Younger and healthier members of the pool should realize that, in effect, they are buying a call option that allows them to buy coverage at a premium far below the high actuarial cost of covering them when they are sicker. The price charged the healthy for this call option is the difference between the premium they must pay and the current lower actuarial cost of covering them.
Furthermore, for Americans in households with incomes below 400 percent of the federal poverty line, the green and red lines exaggerate the impact of the law on their spending. These Americans will be granted often quite generous, income-dependent federal subsidies toward the premiums they face on the exchanges and their out-of-pocket costs for health care. This makes it well-nigh impossible to make general statements, based on averages, about the net after-subsidy impact of the law.
Thus, to compare how an individual currently insured in the nongroup market will fare as of Jan. 1, one should compare the premium the individual pays now — the medically underwritten Pi= (1 + L)Xi as in the equation above — with the net after-subsidy premium:
Pc = (1 + L)Xc – TCi
where Pc now is a common, community-rated premium quoted to all applicants in a given age group, Xc is the expected per-member outlay on health care for the insured, averaged over the insurer’s entire risk pool, and TCi is the income-based federal subsidy to which individual “i” may be entitled.

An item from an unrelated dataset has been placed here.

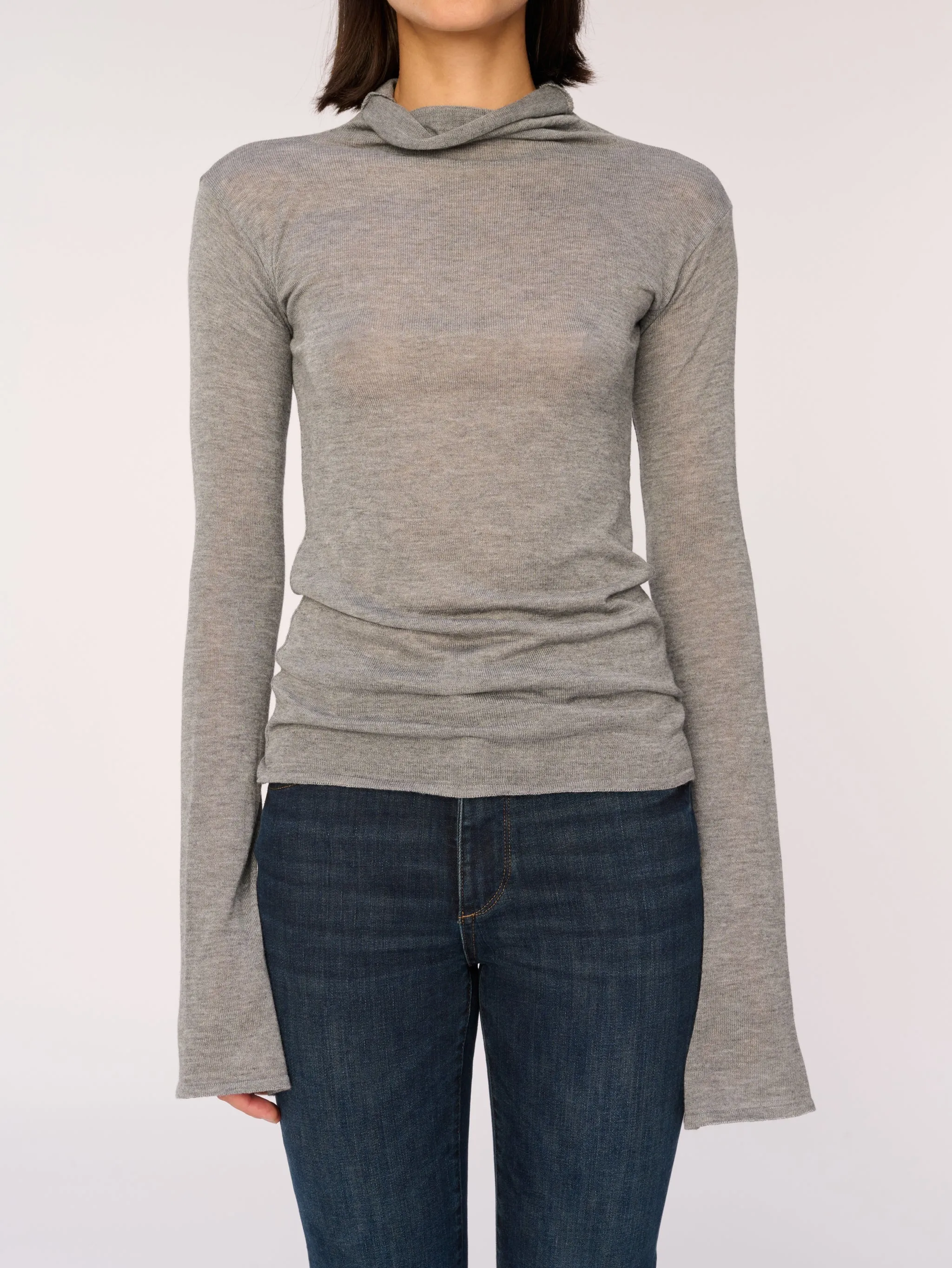 Turtleneck | Charcoal sold by DL1961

It is now easy to see how opponents of the health care law seeking to denounce it can engage in judicious half-truth. To that end, one compares the premium Pi currently paid by a perfectly healthy individual for a relatively skimpy insurance policy with the community-rated premium Pc, which covers a richer benefit package, and one would not, of course, mention the federal subsidies toward the quoted premium Pc and out-of-pocket costs, which can substantially reduce the overall out-of-pocket outlays for health care of lower-income individuals.
That said, however, some higher-income individuals and small businesses are likely to see their premiums go up as a result of the new regime. Not everyone gains from the change.
Premium Joy
Less frequently noted in commentaries about the law — certainly among its critics — is that the law is likely to bring what I call “premium joy” to individuals and families with health problems. Many such people simply could not afford the high, medically underwritten premiums they were quoted in the traditional nongroup market. This joy will be shared by high-risk applicants who were refused coverage by the insurer, along with people now in high-risk pools.
One major design flaw in the law should be noted.
The law mandates all individuals to have insurance coverage for a stipulated minimum benefit package, a necessary companion of community rating. Because the penalties for disobeying that mandate are so low, many young, healthy people may prefer to pay the penalty and remain uninsured until they fall ill, when they can get community-rated coverage.
That possibility — called “adverse risk selection” — could raise the entire community-rated premium curve from, say, the green curve to the red curve, adding to the premium shock of healthy people. Although the federal subsidies will mitigate this effect for many insured, better approaches are available to deal with this problem.